GIVEN RECORDS Block Start
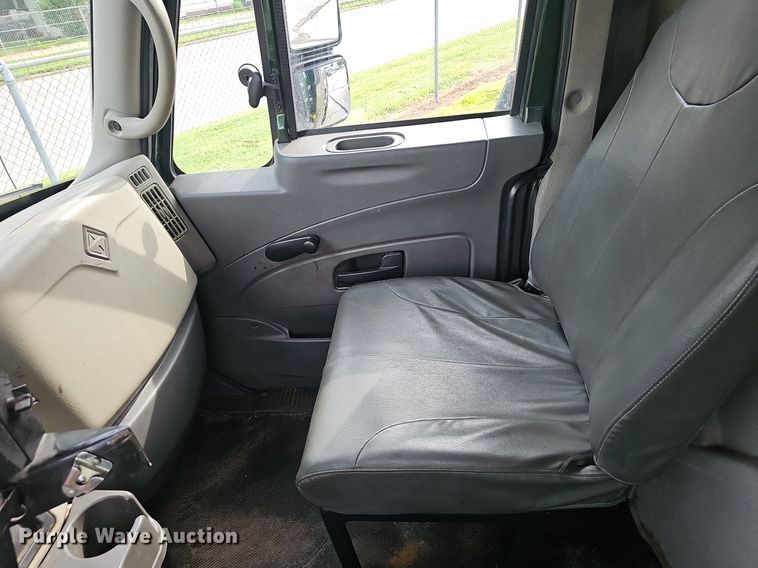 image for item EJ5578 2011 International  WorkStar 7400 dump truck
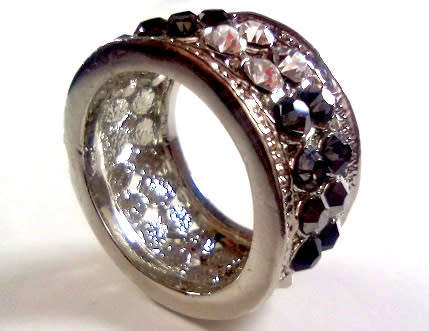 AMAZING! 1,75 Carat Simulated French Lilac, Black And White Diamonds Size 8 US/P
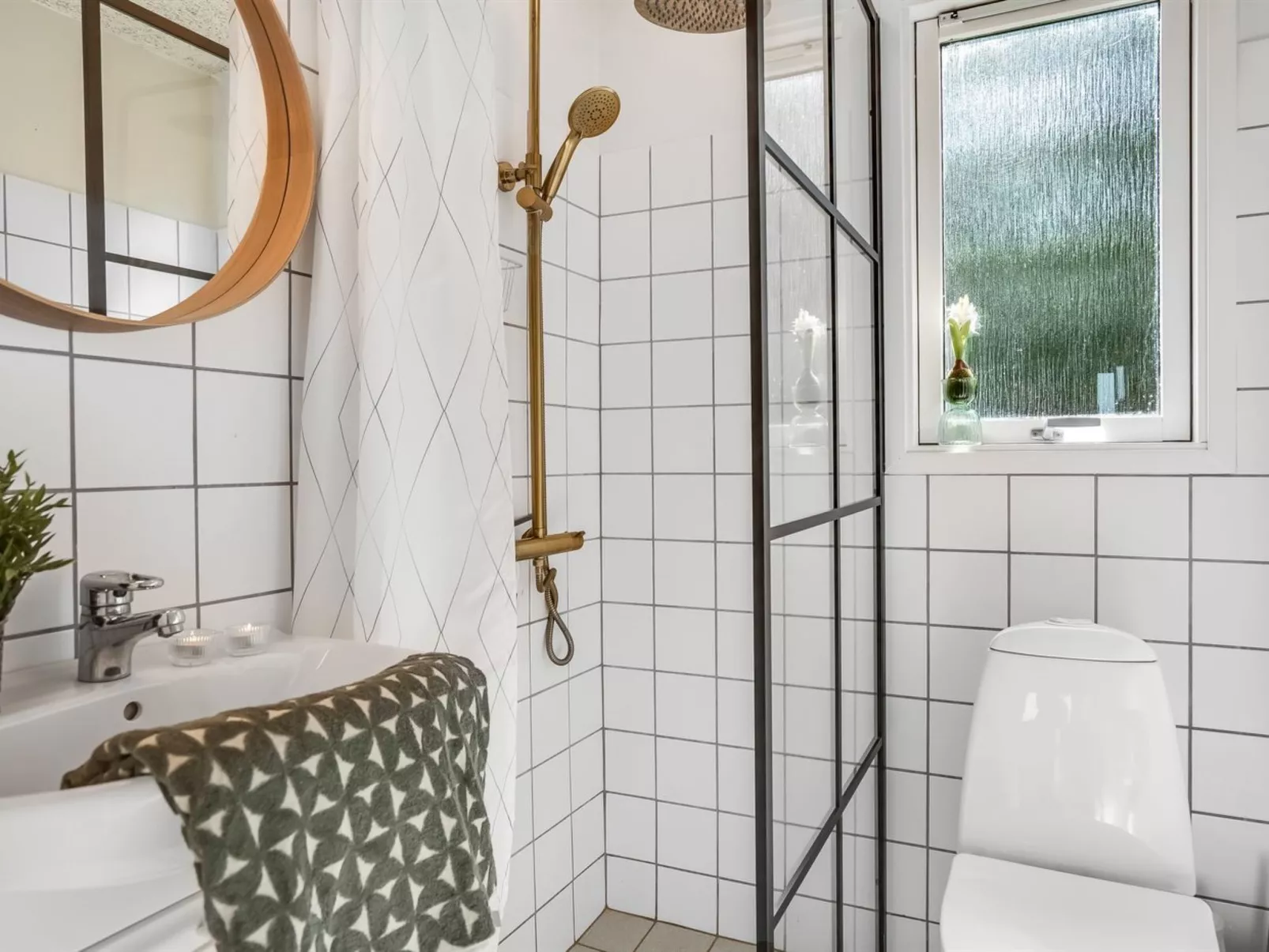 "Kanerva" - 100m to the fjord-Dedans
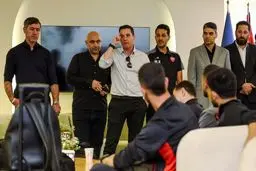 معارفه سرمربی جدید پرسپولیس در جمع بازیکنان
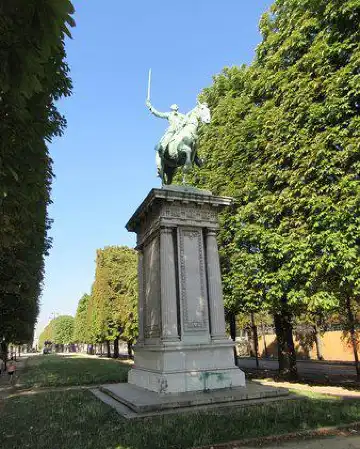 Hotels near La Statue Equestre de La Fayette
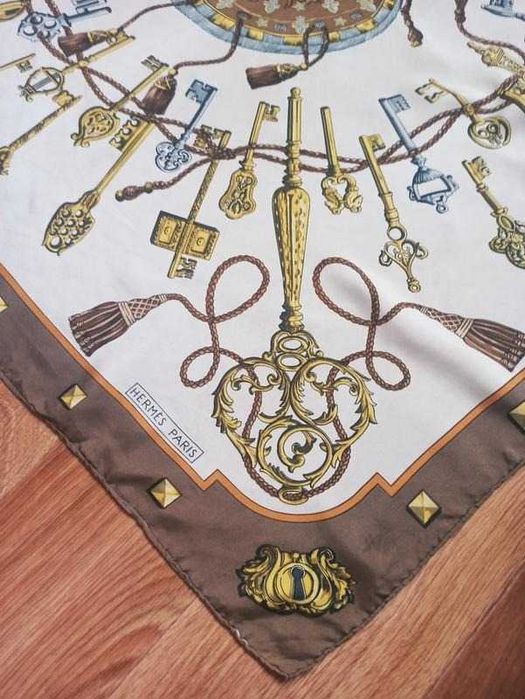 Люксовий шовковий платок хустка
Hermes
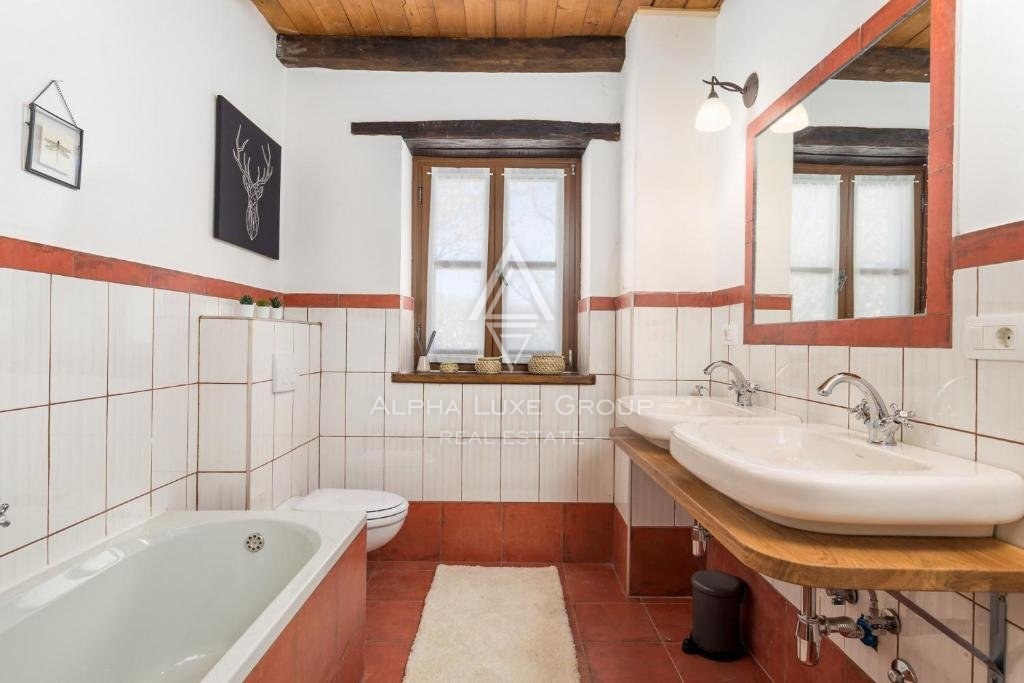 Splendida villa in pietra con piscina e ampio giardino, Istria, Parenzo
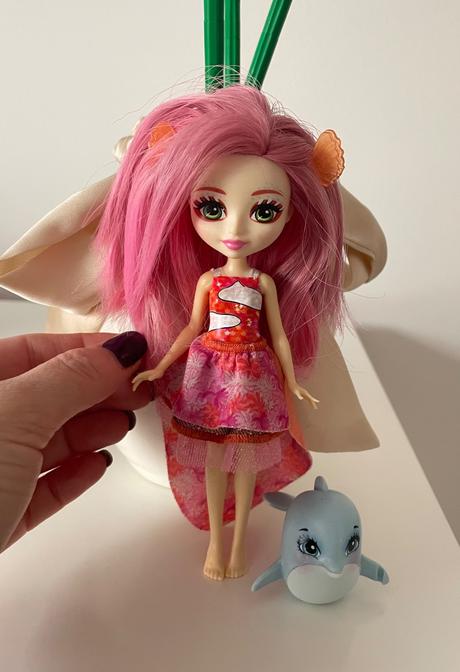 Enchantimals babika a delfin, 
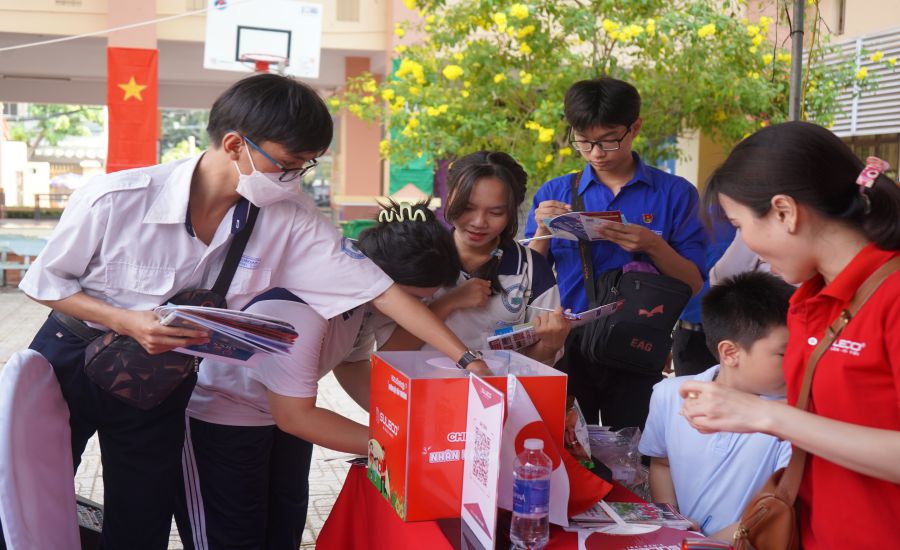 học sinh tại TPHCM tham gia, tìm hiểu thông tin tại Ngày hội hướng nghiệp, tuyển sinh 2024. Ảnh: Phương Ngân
GIVEN RECORDS Block End
→ **WHAT THE TASK ASKS**: Output the whole listing exactly. Pictures stay out.

→ **EXERCISE ANSWER**:
 image for item EJ5578 2011 International  WorkStar 7400 dump truck
 AMAZING! 1,75 Carat Simulated French Lilac, Black And White Diamonds Size 8 US/P
 "Kanerva" - 100m to the fjord-Dedans
 معارفه سرمربی جدید پرسپولیس در جمع بازیکنان
 Hotels near La Statue Equestre de La Fayette
 Люксовий шовковий платок хустка
Hermes
 Splendida villa in pietra con piscina e ampio giardino, Istria, Parenzo
 Enchantimals babika a delfin, 
 học sinh tại TPHCM tham gia, tìm hiểu thông tin tại Ngày hội hướng nghiệp, tuyển sinh 2024. Ảnh: Phương Ngân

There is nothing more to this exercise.